A frittata is an egg dish that can be served for breakfast, lunch, or dinner; tastes as good (and arguably better) cold or at room temperature as it does warm; and can be packed with just about anything—including leftovers.
The bonus? It’s also incredibly easy. But to make this classic Italian dish even easier, swap the traditional (and tricky) folding-and-flipping stovetop technique for a stir-and-bake one. The result will be a frittata with a silky texture that hovers between quiche and omelet.
Courtesy Epicurious,the infographic below features six winning flavor combinations. These are great starting points for those who are new to frittatas, but they’re definitely not the end. The whole point of a frittata is that you can make it anytime, with almost anything.

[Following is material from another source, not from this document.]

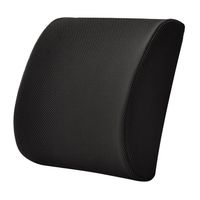 Cojín Ortopédico De Silla Para Apoyo De Alivio Lumbar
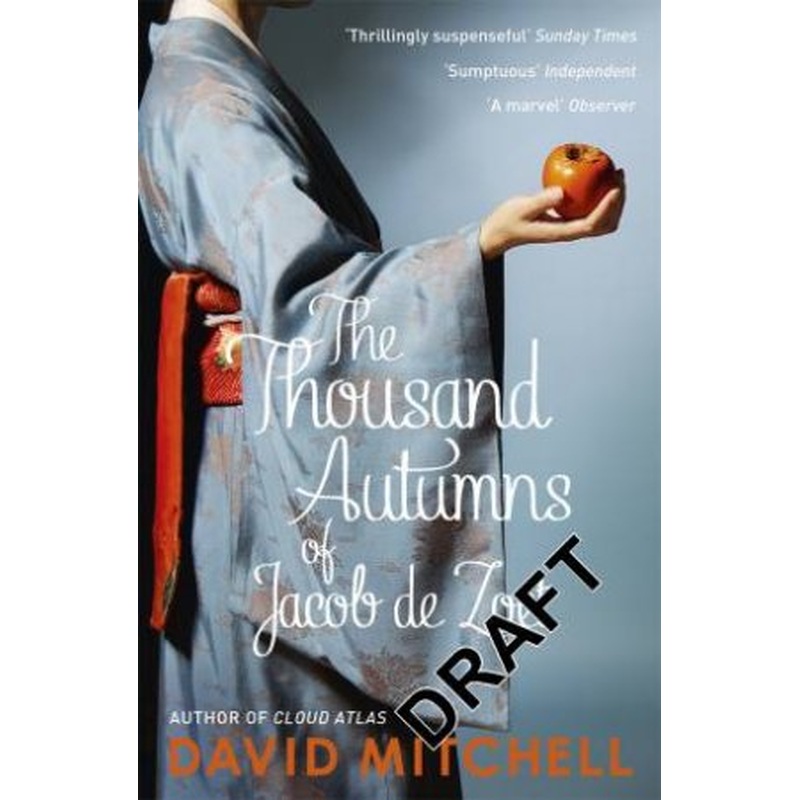 Thousand Autumns of Jacob de Zoet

Just keep these few tips in mind.
Our recipe includes bacon rashers, cherry tomatoes and fresh basil.
SIZE IT RIGHT
Any 2-quart square baking dish works well for this frittata. (For a classic look, bake your frittata in a cast-iron skillet.) Larger dimensions will work, too, but will yield shallower frittatas and require shorter cooking times. 4 large eggs usually serves 2 people. The infographic recipe serves 8.
GO EASY WITH THE BEATING
Beat the eggs only enough to blend the whites and yolks. Overbeating will cause the frittata to poof in the oven, then fall into a denser layer when cooling.
PRE-COOK YOUR MIX-INS
While just about anything can be stirred into the egg base, you should stick to ingredients that are already cooked. For anything with excess moisture, such as sautéed greens, be sure to squeeze out any liquid first.
The frittata can be served immediately or warm. Once cooled to room temperature, it can stand for up to an hour. A cooled frittata can be refrigerated up to 1 day. Serve cold, bring to room temperature, or reheat before serving.